In a series of ongoing posts, our blog has been exploring the topic of advance directives, meaning those legally binding documents setting up a health care plan to commence in the event of the creator’s incapacity.
Specifically, we spent some time discussing how the execution of three important advance directives — living wills, health care surrogate designations and anatomical donations — can provide greater clarity and peace of mind for family members should a person’s health worsen.

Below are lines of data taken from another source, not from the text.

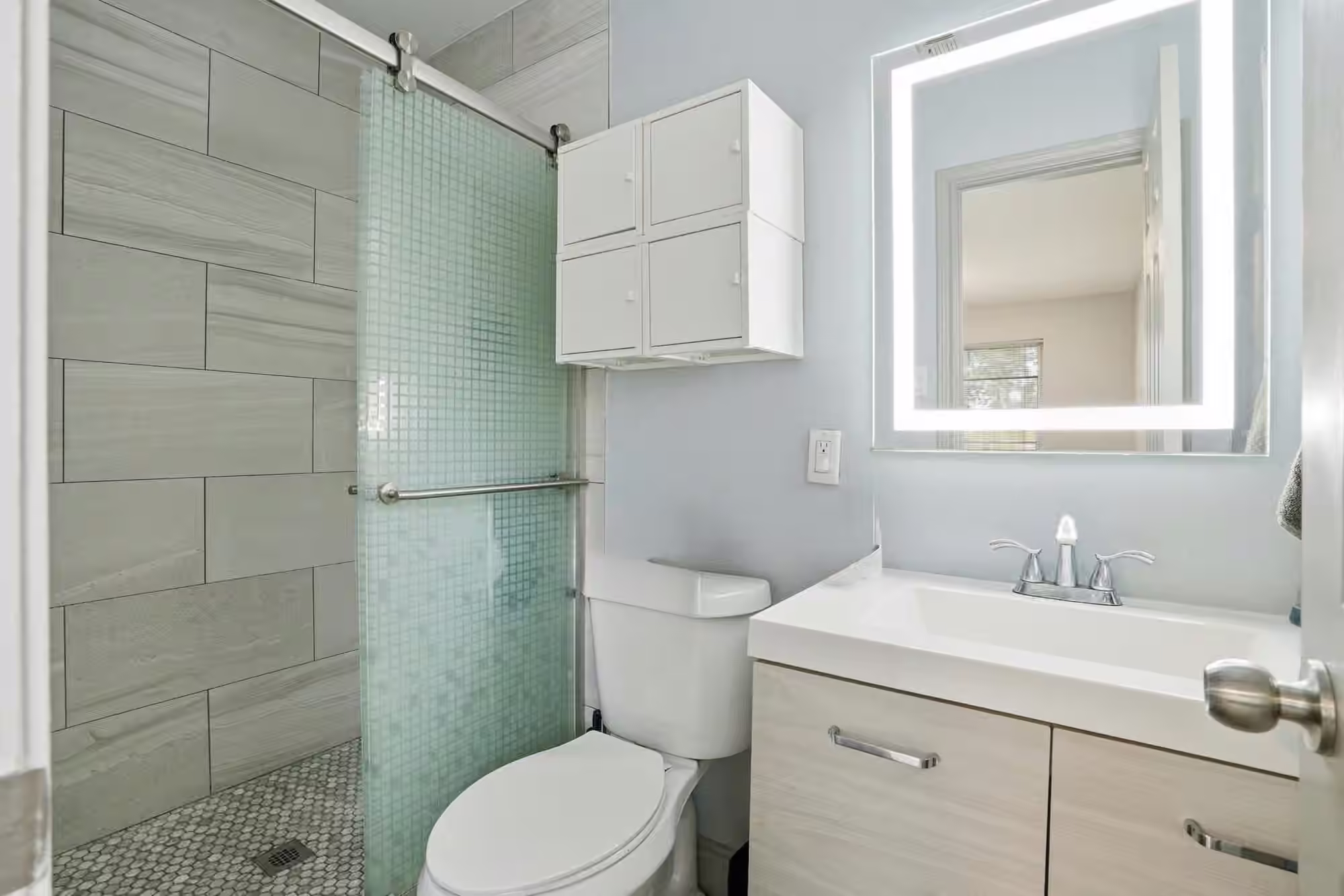 Photo 7 of 6023 Pineshade Lane, Houston, TX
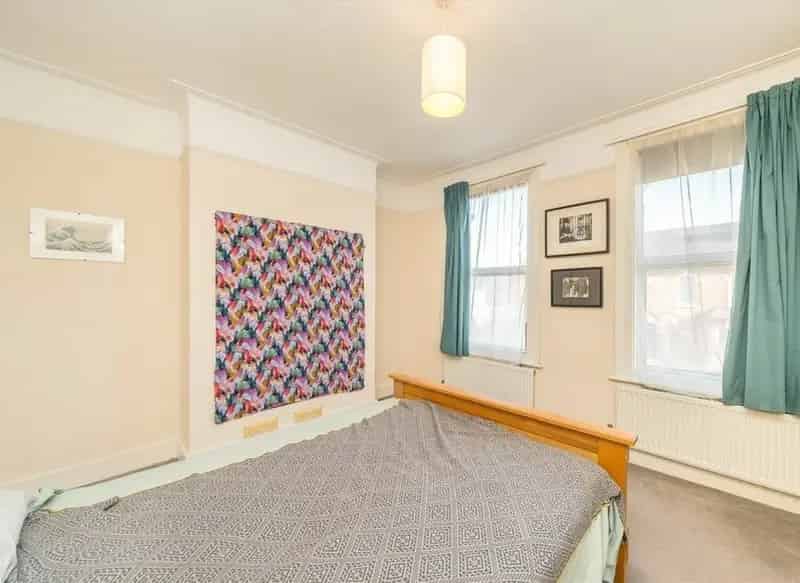 Two Bedroom House Near Northfields and West Ealing Stations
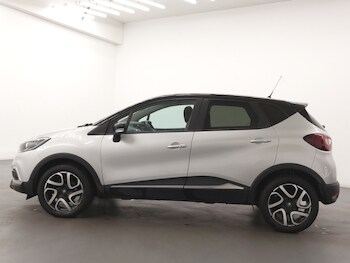 Used Renault Captur 2019 for sale - 76478720: Photo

All of this discussion about advance directives naturally begs the question as to whether a person is legally required to include this document as part of any estate plan.
The simple answer is that there is nothing in Florida law that requires a person to take this step. However, experts indicate that those who elect not to do so should be aware that this failure could very well mean that their exact medical wishes will likely be made by a court-appointed guardian — spouse, adult child, adult sibling, parent, etc. — who may not be aware of their exact preferences.
By way of example, a appointed guardian may elect to provide life-prolonging procedures if you fall gravely ill, something you may not have wanted under any circumstances.
Another question to arise in the context of advance directives is whether they must be prepared by an attorney.
Once again, while the answer to this question is no, experts nevertheless urge people to carefully consider this decision. That’s because, like any estate planning document, there are numerous complex requirements that must be satisfied in order to ensure the validity of advance directives, requirements that an attorney would be well aware of and help ensure are followed.
For instance, it may not be clear to a layperson that state law expressly dictates that while an advance directives can be executed either orally or in writing, it’s creation must be witnessed by at least two people, one of whom is not a spouse or related by blood.
Our blog will continue to examine this topic in future posts.